Strictly it is not a tensor, so there is always one lower and one upper index. The tetrad performs a basis transformation on a tensor without altering its rank.

$$T^{AB}\ =\ \Lambda^A_a \ \Lambda^B_b\ T^{ab}$$

Because the indexes refer to two bases, there is no metric to raise or lower them. It is never necessary to raise or lower a tetrad index, because the operand tensor or the result can be adjusted.

The inverse is defined thus

$$\begin{align*} &V^A\ = \ \Lambda^A_a \ V^a\\ \Rightarrow\ &\Lambda^a_A \ V^A\ = \Lambda^a_A \ \Lambda^A_a \ V^a = \ V^a \end{align*}$$

Recently in a paper on TP gravity ( where the tetrad is a gauge potential) I saw a tetrad written with 2 lower indexes which could be raised. But I have not worked out what it means.

 

[yicong2011]

Strictly it is not a tensor, so there is always one lower and one upper index. The tetrad performs a basis transformation on a tensor without altering its rank.

$$T^{AB}\ =\ \Lambda^A_a \ \Lambda^B_b\ T^{ab}$$

Because the indexes refer to two bases, there is no metric to raise or lower them. It is never necessary to raise or lower a tetrad index, because the operand tensor or the result can be adjusted.

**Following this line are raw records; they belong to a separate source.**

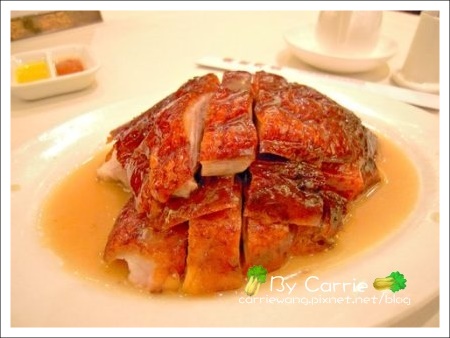 【香港美食推薦】鏞記酒家飛天燒鵝(米其林一顆星)v.s翡翠拉麵小籠包(香港機場) @飛天璇的口袋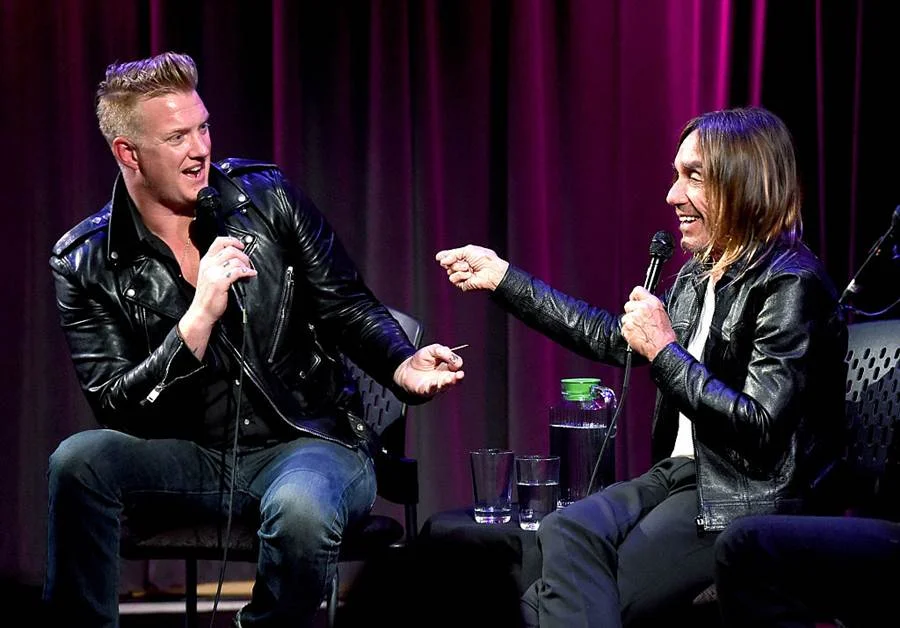 Josh Homme e Iggy Pop: o astro do stoner produziu o mais recente disco do ícone punk, "Post Pop Depression" (2016). Homme também tocou guitarra no álbum Josh Homme e Iggy Pop: o astro do stoner produziu o mais recente disco do ícone punk, "Post Pop Depression" (2016). Homme também tocou guitarra no álbum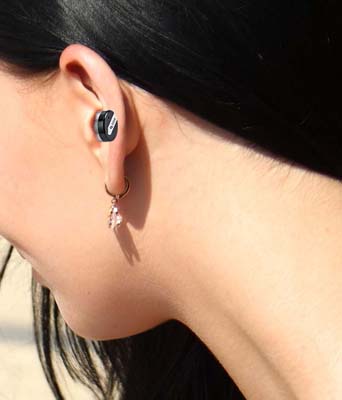 Description: https://n3.sdlcdn.com/imgs/d/h/z/Zoook-zb-dot-Ear-Tips-SDL972413930-7-0e044.JPG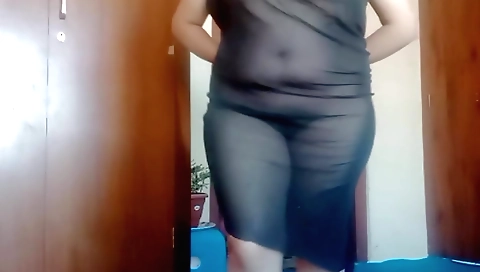 Amateur big ass brunette amateur chick showing off her body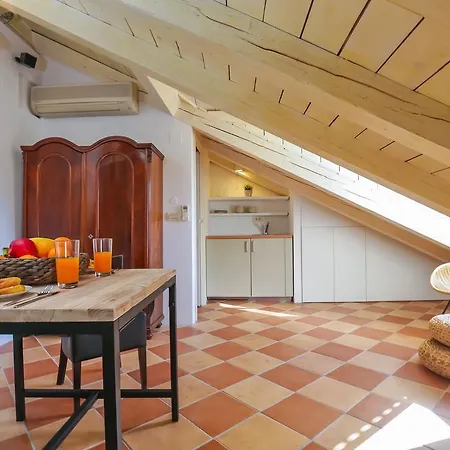 Arty Old Town By Irundo Apartment *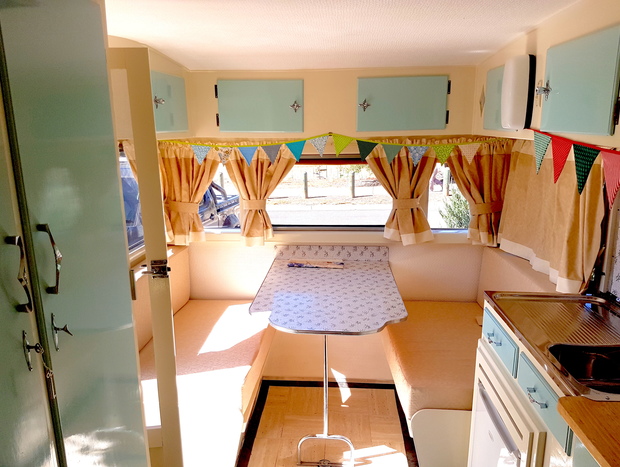 Photo 4 for Beachside Bertie Retro Caravan
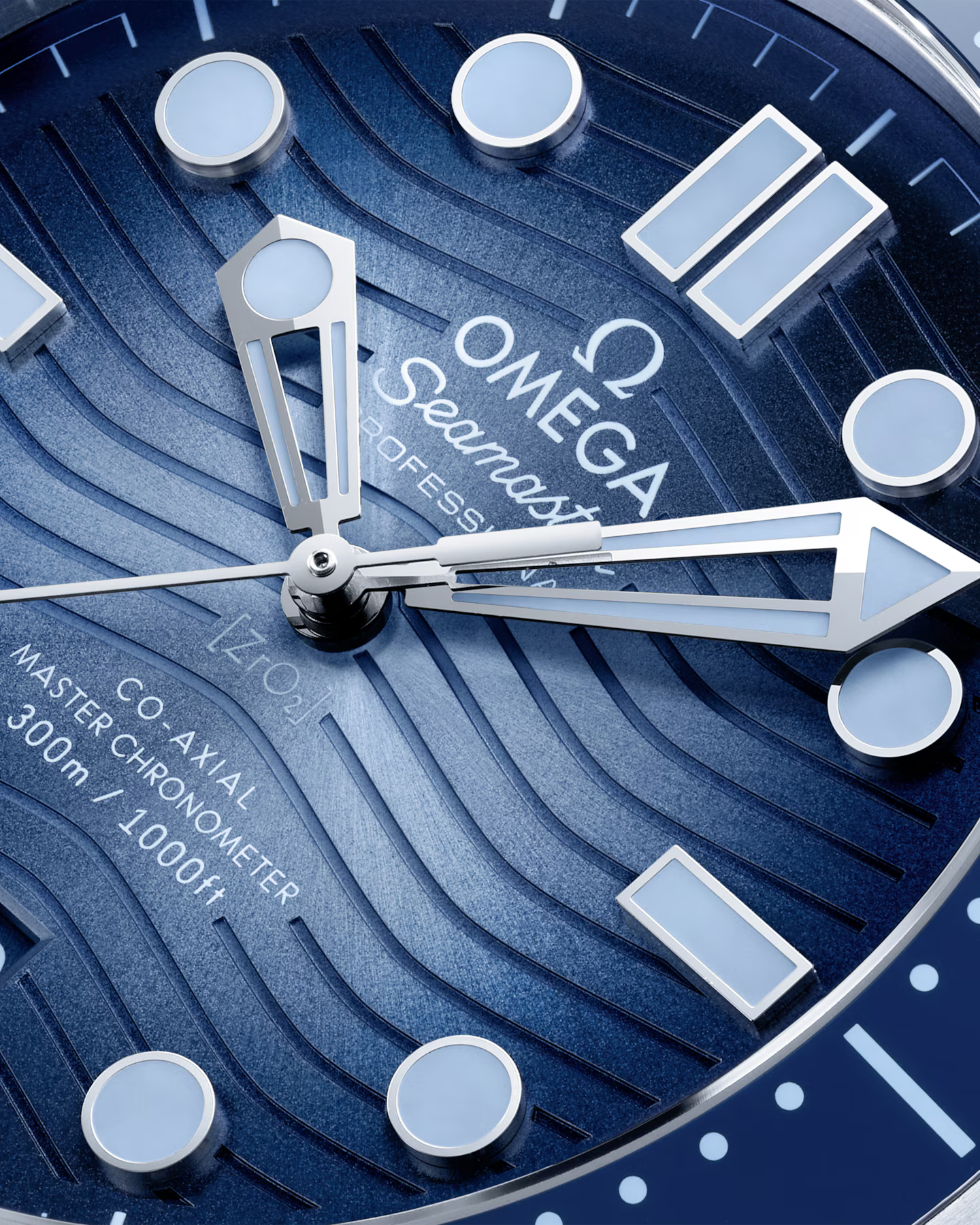 Omega Seamaster Diver 300M 42mm Blue Ceramic Bezel Automatic Stainless Steel Men’s Watch 210.30.42.20.03.003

The inverse is defined thus

$$\begin{align*} &V^A\ = \ \Lambda^A_a \ V^a\\ \Rightarrow\ &\Lambda^a_A \ V^A\ = \Lambda^a_A \ \Lambda^A_a \ V^a = \ V^a \end{align*}$$

Recently in a paper on TP gravity ( where the tetrad is a gauge potential) I saw a tetrad written with 2 lower indexes which could be raised. But I have not worked out what it means.

But I have seen it in

"Metric Compatibility
Condition And Tetrad
Postulate"

(Myron W. Evans)

See just below the formula (8.1)




"q^a_μ is the tetrad [3]-[5], a mixed index rank two tensor"



However, in Landau's Book "The Classical Theory of Fields" (Fourth Edition, Elsevier) Page 313, it is definitely pointed out that "a set of four linearly independent coordinate four-vectors"

Thus, I am a bit confused...

 

[Mentz114]

Thus, I am a bit confused...

Me too, about the nomenclature. In practise it is usually clear what is meant, though.